For those who have not lived through the 1947 Partition riots and the Bengal Famine of 1943, the summer of 2021 when the coronavirus tore through India was the most calamitous nation-wide tumult of our lifetimes.

It was a time of heart-wrenching suffering, helpless fear and uncertainty. Everything you needed to save the lives of loved ones was suddenly in impossibly short supply – hospital beds, oxygen, essential medicines, vaccines, intensive care units and ambulances.
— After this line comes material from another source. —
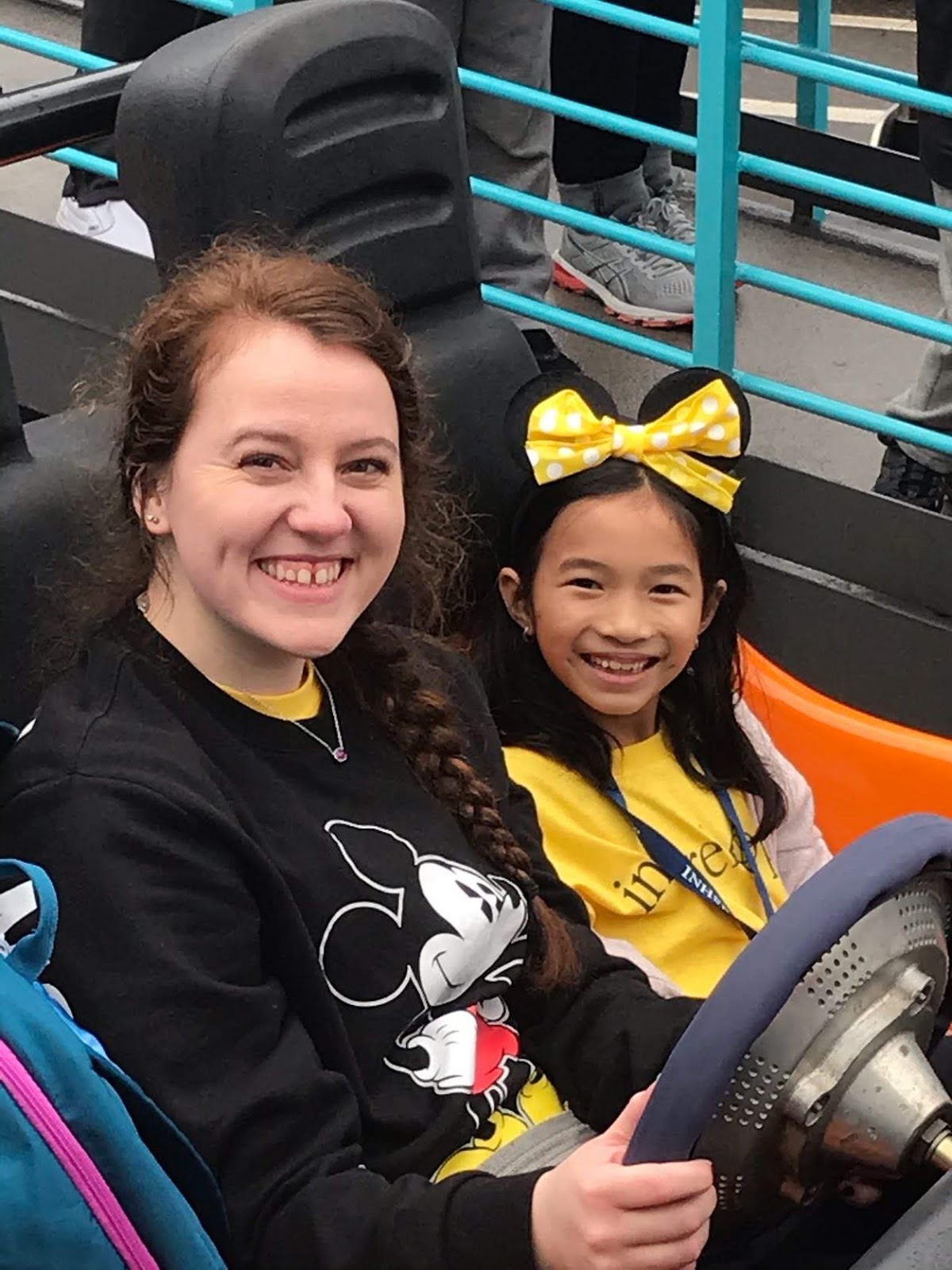 Madison Fuegan (l) attended the New York Legacy Retreat® with her family in 2015, but this South Dakota native chose to make Orlando her first destination as a volunteer!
Black markets thrived and even the price of wood for funerals and priests’ prayers spiralled.

People died in hospital corridors or parking lots, sometimes in intensive care units, choking to death because there was no oxygen. Smoke from burning bodies clouded the skies for days on end as funeral pyres spilled out onto pavements and parks in cities and towns across the country. Anonymous bodies were lowered into crowded mass graves. Rotting bodies were washed ashore on river banks, half eaten by dogs and fish.
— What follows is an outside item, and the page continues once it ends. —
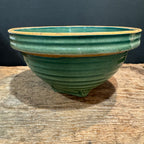 1920s McCoy Green Glazed Mixing Bowl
It was also a time of profound loneliness, a time when you died alone, your corpse was dispatched alone, you were left to mourn alone.

An unspoken fear

Then it waned, for many months, as suddenly as it started. The country re-opened and cars, buses, bicycles, motorcycles, Metro trains crammed the streets again. People returned to work. Masks and closed schools were merciless reminders that the nightmare could recur. An unspoken fear hung in the air like opaque, clammy smog on a freezing winter night.

Questions lingered: Will the tempest stir once more? Will we be struck again? Will the storm savage us even more than the last time? We were struggling for answers even as the third wave of Covid-19 had begun.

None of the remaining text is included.